Stonehenge is 3 km west of Amesbury in the south-west of England, UK. This 5000-year-old Neolithic structure is both a British cultural monument and a UNESCO World Heritage site. However, the ancient structure’s site is bisected by the A303 trunk road: the most direct route between the south-east and the west of England. English Heritage manages the prehistoric monument and the National Trust owns the surrounding land.
In 2017, Highways England, English Heritage and the National Trust announced the route for an upgraded A303 around Stonehenge; this included engineering a twin-bore tunnel. The £2.4-billion scheme aims to alleviate the traffic problem on the normally choked road by widening it into a dual carriageway near the Stonehenge site before dipping it underground through a 3.3-km tunnel under the site itself.
When Structural Soils, an RSK company, was commissioned to complete a high-quality ground investigation, including a novel approach to sampling the phosphatic chalk at the site, there were several challenges for the team to face before completing this significant and highly visible work.
The major obstacles were related to the sensitivity of the site.
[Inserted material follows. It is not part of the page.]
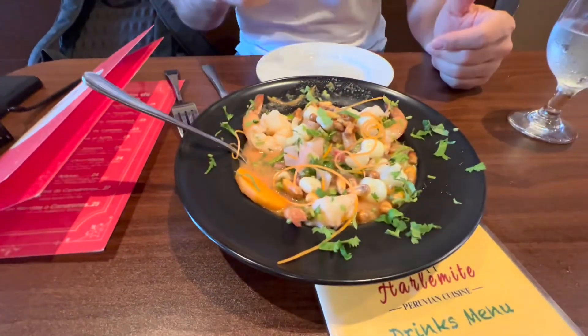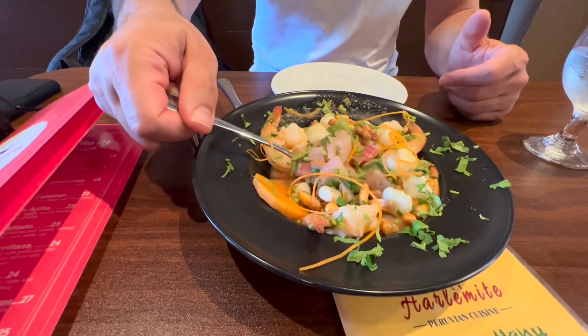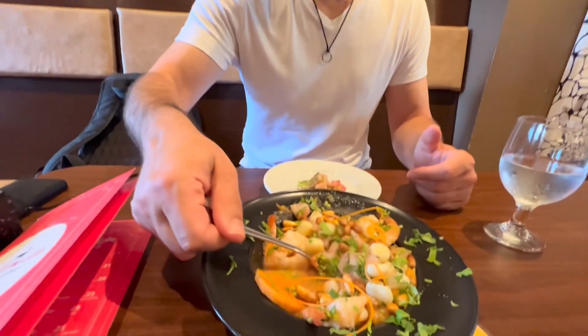I like to include the toasted corn rather than eat it separately. Sometimes at a Peruvian restaurant it'll come in a little bowl on the side, but I like when it's mixed in because it adds some crunch.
In addition to being a UNESCO World Heritage site, certain areas within the boundaries of the site had been used as firing ranges and others were designated as sites of special scientific interest.
In order to prevent any rutting or degradation of the soil surface, all access routes from the main roads were fully lined with aluminium trackway. The trackway was placed to minimise ground coverage but still provide safe access routes for all vehicles. Multiple layers of Visqueen sheeting were laid out, followed by a series of rubber turf mats. These ensured that the heavily used pedestrian and vehicle areas were not unduly damaged by the work.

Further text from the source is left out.